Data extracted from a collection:
- Opening Delimiter -

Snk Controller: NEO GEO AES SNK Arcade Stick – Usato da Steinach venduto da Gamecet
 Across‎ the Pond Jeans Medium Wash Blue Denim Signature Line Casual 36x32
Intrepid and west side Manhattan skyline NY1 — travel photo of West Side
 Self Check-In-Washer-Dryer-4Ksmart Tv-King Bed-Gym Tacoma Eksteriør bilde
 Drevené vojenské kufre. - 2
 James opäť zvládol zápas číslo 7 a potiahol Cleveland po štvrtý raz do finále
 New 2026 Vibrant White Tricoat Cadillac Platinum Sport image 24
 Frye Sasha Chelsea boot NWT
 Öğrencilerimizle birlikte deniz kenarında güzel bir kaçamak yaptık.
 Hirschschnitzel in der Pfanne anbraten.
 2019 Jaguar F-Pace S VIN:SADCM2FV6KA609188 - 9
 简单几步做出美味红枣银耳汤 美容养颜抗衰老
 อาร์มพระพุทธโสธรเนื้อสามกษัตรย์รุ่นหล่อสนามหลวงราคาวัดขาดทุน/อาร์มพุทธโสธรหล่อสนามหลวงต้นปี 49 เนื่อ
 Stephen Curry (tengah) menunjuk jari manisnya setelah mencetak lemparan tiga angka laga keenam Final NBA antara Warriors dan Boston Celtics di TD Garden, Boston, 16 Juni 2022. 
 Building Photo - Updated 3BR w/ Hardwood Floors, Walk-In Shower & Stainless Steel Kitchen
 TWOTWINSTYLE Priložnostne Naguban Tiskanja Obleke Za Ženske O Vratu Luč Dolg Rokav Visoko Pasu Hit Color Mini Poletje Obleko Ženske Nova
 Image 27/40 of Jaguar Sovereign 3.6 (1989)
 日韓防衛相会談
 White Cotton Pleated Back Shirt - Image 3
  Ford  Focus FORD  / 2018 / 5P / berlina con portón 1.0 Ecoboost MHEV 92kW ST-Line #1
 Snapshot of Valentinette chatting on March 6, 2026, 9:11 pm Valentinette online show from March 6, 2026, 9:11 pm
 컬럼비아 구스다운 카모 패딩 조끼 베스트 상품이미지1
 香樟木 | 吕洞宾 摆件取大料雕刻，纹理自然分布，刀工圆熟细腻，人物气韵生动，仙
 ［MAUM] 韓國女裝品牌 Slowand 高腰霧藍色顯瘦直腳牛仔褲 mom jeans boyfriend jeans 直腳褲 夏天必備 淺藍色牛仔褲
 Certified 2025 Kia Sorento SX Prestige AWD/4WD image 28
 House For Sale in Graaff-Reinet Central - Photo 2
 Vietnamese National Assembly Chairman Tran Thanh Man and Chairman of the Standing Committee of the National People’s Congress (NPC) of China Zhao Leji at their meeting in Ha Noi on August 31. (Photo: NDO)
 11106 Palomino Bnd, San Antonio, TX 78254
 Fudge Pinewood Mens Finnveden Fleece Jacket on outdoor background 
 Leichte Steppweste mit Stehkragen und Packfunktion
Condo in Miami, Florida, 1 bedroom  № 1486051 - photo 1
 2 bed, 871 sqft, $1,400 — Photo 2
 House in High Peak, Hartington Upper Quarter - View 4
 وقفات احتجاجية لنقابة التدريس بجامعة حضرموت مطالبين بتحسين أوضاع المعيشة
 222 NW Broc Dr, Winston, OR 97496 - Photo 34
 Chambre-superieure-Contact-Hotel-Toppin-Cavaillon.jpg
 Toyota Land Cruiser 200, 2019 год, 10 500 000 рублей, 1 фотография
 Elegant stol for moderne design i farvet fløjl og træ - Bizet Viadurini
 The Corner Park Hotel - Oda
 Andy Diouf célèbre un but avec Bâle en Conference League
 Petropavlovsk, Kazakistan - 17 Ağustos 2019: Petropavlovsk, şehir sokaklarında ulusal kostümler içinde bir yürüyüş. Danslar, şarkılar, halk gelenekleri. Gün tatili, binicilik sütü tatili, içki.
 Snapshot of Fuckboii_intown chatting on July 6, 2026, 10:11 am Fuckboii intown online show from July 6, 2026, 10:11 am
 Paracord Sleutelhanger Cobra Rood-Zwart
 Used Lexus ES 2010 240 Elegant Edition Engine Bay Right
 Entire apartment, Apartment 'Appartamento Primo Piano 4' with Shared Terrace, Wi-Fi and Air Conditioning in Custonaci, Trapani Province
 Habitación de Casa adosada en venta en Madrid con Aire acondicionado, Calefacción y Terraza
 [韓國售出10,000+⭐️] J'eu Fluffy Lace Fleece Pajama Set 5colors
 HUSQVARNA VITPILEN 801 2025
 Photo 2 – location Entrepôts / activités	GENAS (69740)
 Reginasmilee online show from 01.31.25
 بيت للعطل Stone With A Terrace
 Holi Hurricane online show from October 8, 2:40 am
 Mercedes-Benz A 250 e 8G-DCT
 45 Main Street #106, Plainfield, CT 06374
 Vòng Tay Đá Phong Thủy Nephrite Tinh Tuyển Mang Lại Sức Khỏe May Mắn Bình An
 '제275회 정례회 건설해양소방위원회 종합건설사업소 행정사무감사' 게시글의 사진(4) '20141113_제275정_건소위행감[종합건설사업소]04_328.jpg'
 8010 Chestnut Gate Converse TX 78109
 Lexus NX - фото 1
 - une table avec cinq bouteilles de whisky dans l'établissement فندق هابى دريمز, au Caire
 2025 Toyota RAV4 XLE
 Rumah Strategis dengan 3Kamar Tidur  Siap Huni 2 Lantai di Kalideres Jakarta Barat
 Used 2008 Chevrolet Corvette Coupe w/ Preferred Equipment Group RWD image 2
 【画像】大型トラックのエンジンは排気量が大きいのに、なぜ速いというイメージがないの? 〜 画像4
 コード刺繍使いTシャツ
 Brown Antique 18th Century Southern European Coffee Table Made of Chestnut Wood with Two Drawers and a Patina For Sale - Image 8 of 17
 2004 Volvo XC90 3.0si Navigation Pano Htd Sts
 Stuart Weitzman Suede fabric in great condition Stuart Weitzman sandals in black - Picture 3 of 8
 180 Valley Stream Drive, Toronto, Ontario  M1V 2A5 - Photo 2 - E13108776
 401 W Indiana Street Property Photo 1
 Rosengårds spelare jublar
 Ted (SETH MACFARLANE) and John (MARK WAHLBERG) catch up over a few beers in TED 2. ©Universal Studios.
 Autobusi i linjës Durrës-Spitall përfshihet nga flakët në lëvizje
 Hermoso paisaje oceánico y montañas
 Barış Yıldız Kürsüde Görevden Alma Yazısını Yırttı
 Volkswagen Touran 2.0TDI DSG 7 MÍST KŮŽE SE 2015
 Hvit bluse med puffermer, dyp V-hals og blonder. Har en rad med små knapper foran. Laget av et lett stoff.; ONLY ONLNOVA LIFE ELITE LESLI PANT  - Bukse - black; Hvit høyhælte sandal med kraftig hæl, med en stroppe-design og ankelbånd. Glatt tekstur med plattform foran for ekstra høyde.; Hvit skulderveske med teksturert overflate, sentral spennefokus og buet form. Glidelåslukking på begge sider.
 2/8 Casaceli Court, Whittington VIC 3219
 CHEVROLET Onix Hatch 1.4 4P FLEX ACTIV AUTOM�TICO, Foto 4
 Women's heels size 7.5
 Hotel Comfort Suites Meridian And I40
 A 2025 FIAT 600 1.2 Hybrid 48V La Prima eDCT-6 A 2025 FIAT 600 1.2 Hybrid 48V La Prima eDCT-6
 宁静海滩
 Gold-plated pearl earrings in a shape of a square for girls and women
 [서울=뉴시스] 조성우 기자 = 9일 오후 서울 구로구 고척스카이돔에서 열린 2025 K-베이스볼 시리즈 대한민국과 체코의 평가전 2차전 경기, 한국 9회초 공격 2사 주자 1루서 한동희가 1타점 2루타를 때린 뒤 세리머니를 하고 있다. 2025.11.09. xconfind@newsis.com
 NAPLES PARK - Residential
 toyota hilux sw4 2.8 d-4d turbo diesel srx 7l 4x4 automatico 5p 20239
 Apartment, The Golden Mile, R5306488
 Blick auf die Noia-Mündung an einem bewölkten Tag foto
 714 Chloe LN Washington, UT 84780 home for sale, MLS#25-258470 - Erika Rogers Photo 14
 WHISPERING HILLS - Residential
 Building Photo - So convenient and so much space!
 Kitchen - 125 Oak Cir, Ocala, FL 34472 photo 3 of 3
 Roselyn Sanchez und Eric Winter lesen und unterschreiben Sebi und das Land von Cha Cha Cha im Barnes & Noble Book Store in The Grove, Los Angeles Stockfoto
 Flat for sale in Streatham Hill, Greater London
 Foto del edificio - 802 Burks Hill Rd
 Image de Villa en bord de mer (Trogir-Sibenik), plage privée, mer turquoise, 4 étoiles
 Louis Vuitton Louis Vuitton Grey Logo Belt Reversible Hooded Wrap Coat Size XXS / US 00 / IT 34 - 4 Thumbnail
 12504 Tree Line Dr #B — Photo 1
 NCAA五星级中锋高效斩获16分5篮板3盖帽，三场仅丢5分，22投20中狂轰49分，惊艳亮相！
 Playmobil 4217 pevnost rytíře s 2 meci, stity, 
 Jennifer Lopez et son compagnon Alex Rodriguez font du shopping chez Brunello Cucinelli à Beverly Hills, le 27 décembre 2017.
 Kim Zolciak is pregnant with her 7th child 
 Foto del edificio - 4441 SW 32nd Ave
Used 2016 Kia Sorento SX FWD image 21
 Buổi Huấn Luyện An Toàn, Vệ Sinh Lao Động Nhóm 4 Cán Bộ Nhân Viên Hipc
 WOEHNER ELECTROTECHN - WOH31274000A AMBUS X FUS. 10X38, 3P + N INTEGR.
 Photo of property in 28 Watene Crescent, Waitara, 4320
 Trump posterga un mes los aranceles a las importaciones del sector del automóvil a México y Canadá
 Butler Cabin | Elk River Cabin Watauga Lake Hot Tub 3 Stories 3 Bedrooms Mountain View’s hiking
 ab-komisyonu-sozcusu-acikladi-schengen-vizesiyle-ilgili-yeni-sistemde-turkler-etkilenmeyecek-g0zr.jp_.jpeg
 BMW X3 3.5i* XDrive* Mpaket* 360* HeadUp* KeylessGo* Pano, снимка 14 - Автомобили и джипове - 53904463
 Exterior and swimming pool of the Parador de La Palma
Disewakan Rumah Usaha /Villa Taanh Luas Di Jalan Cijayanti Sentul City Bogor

- Closing Delimiter -

Required action ▸ Reproduce, character for character, only the lines of the preceding data that start at the line with "Playmobil 4217 pevnost" and end at the line with "Buổi Huấn Luyện", both included.

Your solution ▸
 Playmobil 4217 pevnost rytíře s 2 meci, stity, 
 Jennifer Lopez et son compagnon Alex Rodriguez font du shopping chez Brunello Cucinelli à Beverly Hills, le 27 décembre 2017.
 Kim Zolciak is pregnant with her 7th child 
 Foto del edificio - 4441 SW 32nd Ave
Used 2016 Kia Sorento SX FWD image 21
 Buổi Huấn Luyện An Toàn, Vệ Sinh Lao Động Nhóm 4 Cán Bộ Nhân Viên Hipc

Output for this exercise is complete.